If the ship breaks free by Monday, the shipping industry can absorb the inconvenience, analysts said, but beyond that, supply chains and consumers could start to see major disruptions.
Some ships have already decided not to wait, U-turning out of Suez to take the long way around the southern tip of Africa, a journey that could add weeks to the journey and cost more than $26,000 per extra day in fuel costs.
On Saturday, Rabie defended the canal’s safety record: 18,840 ships in 2020, zero accidents.
“What happened happens all over the world, and it will happen again,” he said. “The Suez Canal, as a passage, has nothing to do with the incident.”
In Manshiyet Rugola, whose name translates to “Little Village of Manhood,” traffic jams of any kind would be difficult to imagine in usual times.
Donkey carts piled high with clover bumped down semi-paved lanes between low brick houses and green fields lined with palm trees, trash and animal dung. A teenager hawked ice cream from his motorcycle. Roosters offered profane competition to the noontime call to prayer. Until the Ever Given showed up, the minarets of the unimposing mosques were the tallest structures around.
“Do you want to see the ship?” a young boy asked a pair of visiting journalists, bobbing in excitement under the window of their car.
Ever since the earthquake-like rumble of the ship running aground jolted many awake around 7 a.m. Tuesday, the Ever Given had been the only topic in town.
“The whole village was out there watching,” said Youssef Ghareeb, 19, a factory worker. “We’ve gotten so used to having her around, because we’ve been living on our rooftops just watching the ship for four days.”

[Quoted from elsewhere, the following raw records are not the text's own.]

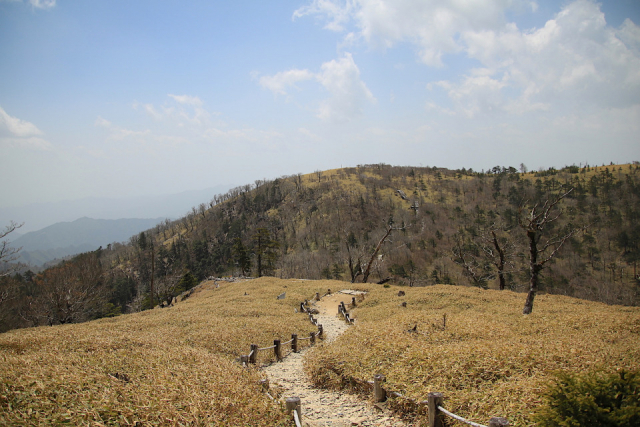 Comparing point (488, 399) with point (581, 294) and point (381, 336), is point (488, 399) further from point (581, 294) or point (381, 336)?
point (581, 294)

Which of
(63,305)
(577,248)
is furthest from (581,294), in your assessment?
(63,305)

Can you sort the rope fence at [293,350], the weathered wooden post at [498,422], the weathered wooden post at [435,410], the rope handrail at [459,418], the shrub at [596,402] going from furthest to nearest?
1. the rope fence at [293,350]
2. the weathered wooden post at [435,410]
3. the rope handrail at [459,418]
4. the weathered wooden post at [498,422]
5. the shrub at [596,402]

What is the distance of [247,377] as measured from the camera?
7805 mm

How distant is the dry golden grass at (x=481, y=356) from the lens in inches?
247

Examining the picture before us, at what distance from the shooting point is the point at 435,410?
19.4ft

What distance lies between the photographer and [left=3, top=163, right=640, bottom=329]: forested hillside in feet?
185

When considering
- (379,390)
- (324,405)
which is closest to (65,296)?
(324,405)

It was universally agreed that the view was even better at night, when the ship glowed with light: a skyscraper right out of a big-city skyline, lying on its side.

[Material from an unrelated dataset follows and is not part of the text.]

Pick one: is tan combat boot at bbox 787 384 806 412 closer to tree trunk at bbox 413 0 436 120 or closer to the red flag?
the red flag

“When it lights up at night, it’s like the Titanic,” said Nadia, who, like her neighbor Umm Gaafar, declined to give her full name because of the security forces in the area. “All it’s missing is the necklace from the movie.”
Umm Gaafar had asked to go by her nickname so as not to run afoul of the government security personnel who had passed through, warning residents not to take photos of the canal and generally spreading unease. Nadia said she was too intimidated to take pictures of the ship at night, though she badly wanted to.
Villagers and shipping analysts had the same question about the Ever Given, if rooted in different expertise. The ship’s operators have insisted that the ship ran aground because of the high winds of a sandstorm, with the stacked containers acting like a giant sail, yet other ships in the same convoy passed through without incident. So had previous ships in previous storms, the villagers pointed out.
“We’ve seen worse winds,” said Ahmad al-Sayed, 19, a security guard, “but nothing like that ever happened before.”
Two pilots from the Suez Canal typically board large ships transiting the canal to help guide them through, though they are steered by a member of the crew, said Foran, the maritime consultant.
Shipping experts and government officials said the wind could well have been a factor, exacerbating other physical forces, but they suggested that human error may have come into play.
“A significant incident like this is usually the result of many reasons: The weather was one reason, but maybe there was a technical error, or a human error,” Rabie said Saturday.
Foran had had the same idea.
“I am highly questioning, why was it the only one that went aground?” he said. “But they can talk about all that later. Right now, they just have to get that beast out of the canal.”